Final Thought: Tracker has a magical implicitness to its abstraction that functional approaches make up for in predictability. I think if we could make Tracker and the patterns to use it more reliable, then we could compete with React and Redux. I think if we could make both fit nicely together (i.e. TrackerRedux
) where developers could choose either for granular parts of their app, then we’d have a better option than either on their own. One of my ideas for improving Tracker is using a transpilation build step to fill in finder fields, i.e. {fields: {foo: 1}}
based on “property level cursors.” So basically when transpiling spacebars, we determine which properties of a model are accessed, and then automatically go back and fill in the initial find call with those fields. I’m bringing up this example because the biggest problem with tracker is that it re-runs functions many more times than it needs to, and the biggest culprit is that nobody uses the fields
option to constrain reactivity. The next idea is snapshotting Mongo and using the oplog to produce Time Traveling functionality. Totally doable–I just gotta get to it.

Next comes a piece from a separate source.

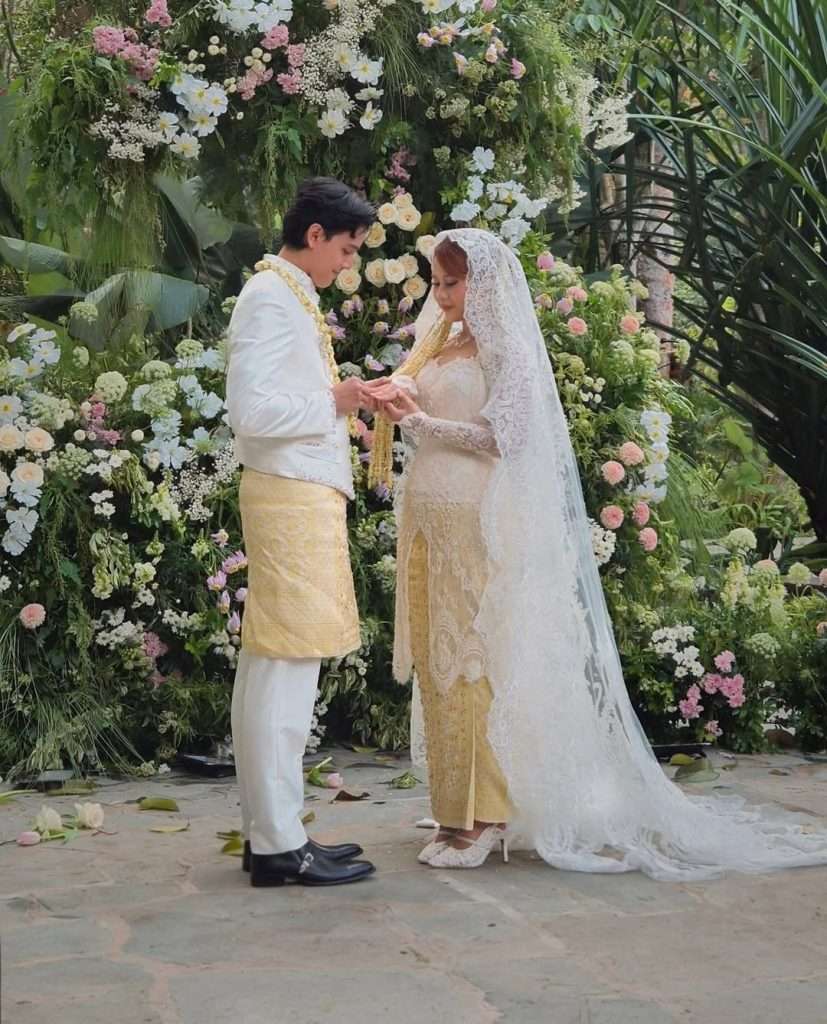 Prosesi ijab kabul berlangsung di tengah alam terbuka yang asri, dikelilingi pepohonan dan dekorasi bernuansa earth tone.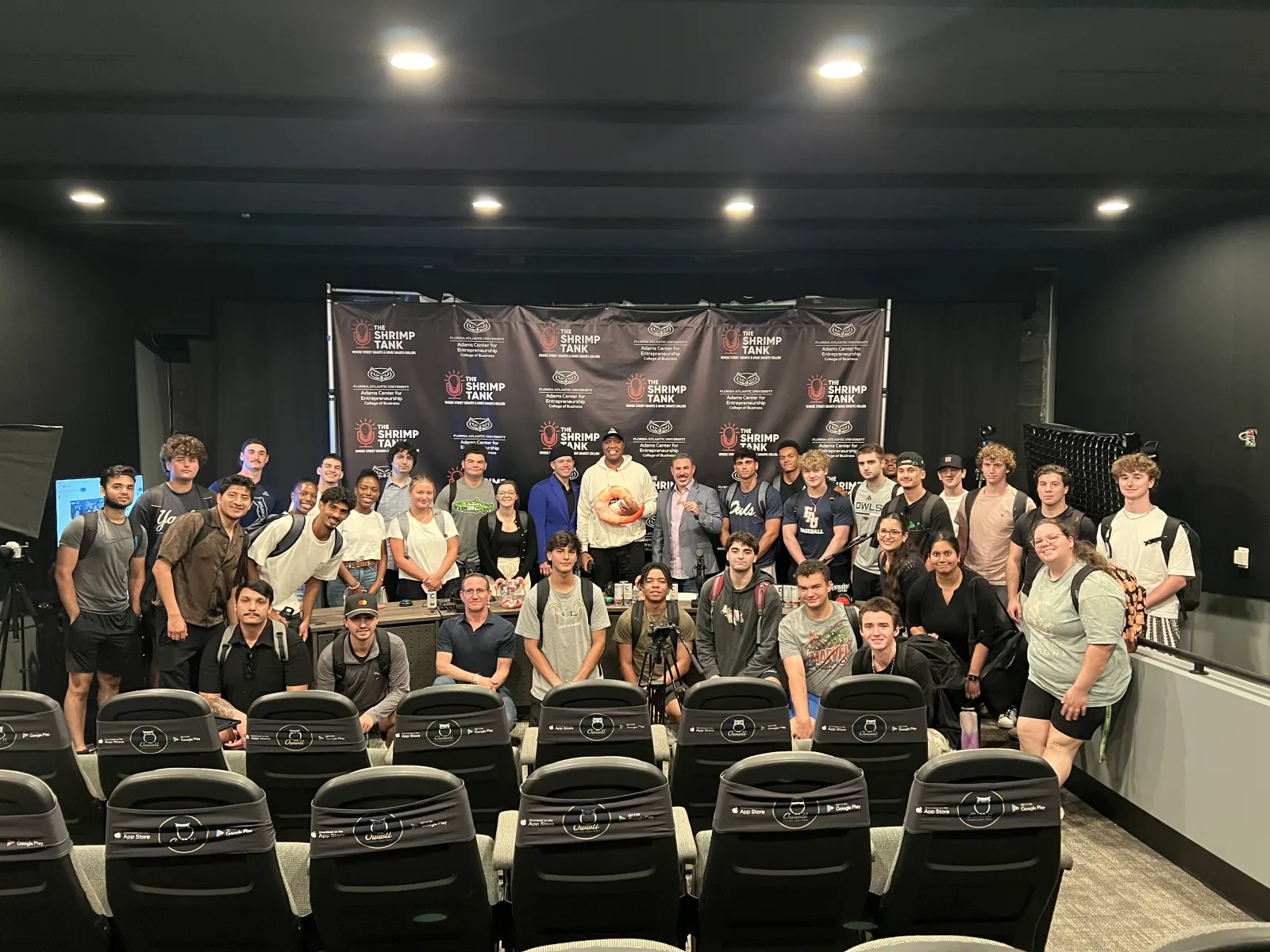 Group photo of diverse young adults in a seminar room with Shrimp Tank branding backdrop and seats in front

I’ve put many hours thinking about how to optimize Tracker/minimongo so it can compete with Redux. What I just mentioned were a few examples of many I have to optimize Tracker. I’m not sure if MDG internally feels that Tracker has some terminal issues with its reliability that make them willing to throw it out. It does throw exceptions that have nothing to do with anything you did wrong every so often. My goal is to essentially build an environment where Tracker runs less, developers have tools to constrain it’s behavior, and functional programming can be easily intertwined where its explicit predictability is needed. I think that’s a sound goal–unless MDG plans to ditch Tracker because of “irreconcilable differences” lol. You tell me.